How erasers are made

Make no mistake about it: an eraser is a student’s best friend. Whether it’s attached to the top of a pencil or on its own, only an eraser can quickly rub out an error. White erasers are made of flexible vinyl while pink erasers are made of synthetic rubber.

In 1736 a French explorer observed South American native Indians using a certain tree resin to make bouncing balls. He brought this resin back home and before long Europeans discovered it could rub out pencil marks, hence the term rubber. There was just one problem after a while: rubber would rot. That dilemma was solved a century later by one Charles Goodyear, who developed a curing process to prevent rubber from rotting.

A lot of ingredients go into making a simple pink eraser. Carefully measured fillers, accelerators, curing agents, oils, colouring and the main ingredient – synthetic rubber. They start by putting a batch of rubber into a mill. The rubber passes repeatedly between large heated rollers. Then throw in any defective erasers from the last production run, recycling them into this new batch, then add sulphur as a curing agent.

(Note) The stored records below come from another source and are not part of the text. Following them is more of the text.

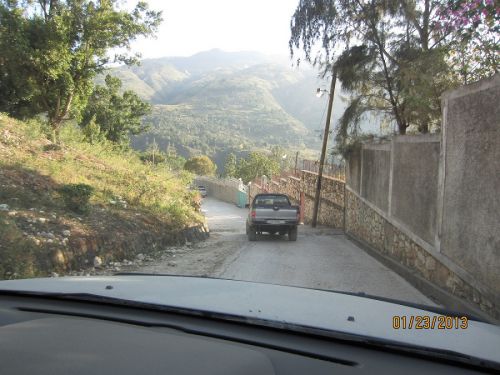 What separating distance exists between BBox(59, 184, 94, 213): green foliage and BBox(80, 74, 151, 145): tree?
54.9 ft

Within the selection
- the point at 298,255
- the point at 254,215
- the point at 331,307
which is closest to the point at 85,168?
the point at 254,215

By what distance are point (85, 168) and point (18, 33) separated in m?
6.76

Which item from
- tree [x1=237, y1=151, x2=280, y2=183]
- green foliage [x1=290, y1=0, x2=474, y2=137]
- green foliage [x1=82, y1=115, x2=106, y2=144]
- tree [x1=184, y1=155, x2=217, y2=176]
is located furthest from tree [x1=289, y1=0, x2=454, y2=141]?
tree [x1=184, y1=155, x2=217, y2=176]

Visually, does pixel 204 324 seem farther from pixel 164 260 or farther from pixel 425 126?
pixel 425 126

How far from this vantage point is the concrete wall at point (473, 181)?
221 inches

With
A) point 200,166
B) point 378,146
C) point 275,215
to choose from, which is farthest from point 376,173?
point 200,166

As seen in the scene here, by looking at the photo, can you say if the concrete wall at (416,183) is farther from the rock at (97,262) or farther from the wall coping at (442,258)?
the rock at (97,262)

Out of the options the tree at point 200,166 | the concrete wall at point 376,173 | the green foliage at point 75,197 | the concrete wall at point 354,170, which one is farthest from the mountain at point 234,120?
the green foliage at point 75,197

Accelerators to help the sulphur do its job. Add red colouring then blend everything for five to ten minutes, until the mixture is the consistency of heavy dough. Next add vulcanized vegetable oil (that’s vegetable oil treated with sulphur). Following that regular vegetable oil is added, then calcium carbonate – this acts as a filler when the colour and thickness are just right. In a factory, workers remove the rubber, which by now is hot and soft as a result of all that milling, and leave it to cool and harden at room temperature for about half a day. When the rubber is ready, they cut out large squares, each weighing between 5 and 8 kilograms depending on the thickness of eraser the client has ordered. The squares go into a steam heated press to cure for about 20 minutes at 163 degrees Celsius and the pressure compacts the rubber while the intense heat hardens it. They trim off the excess then submerge the hot rubber squares in cold water to stop the curing process.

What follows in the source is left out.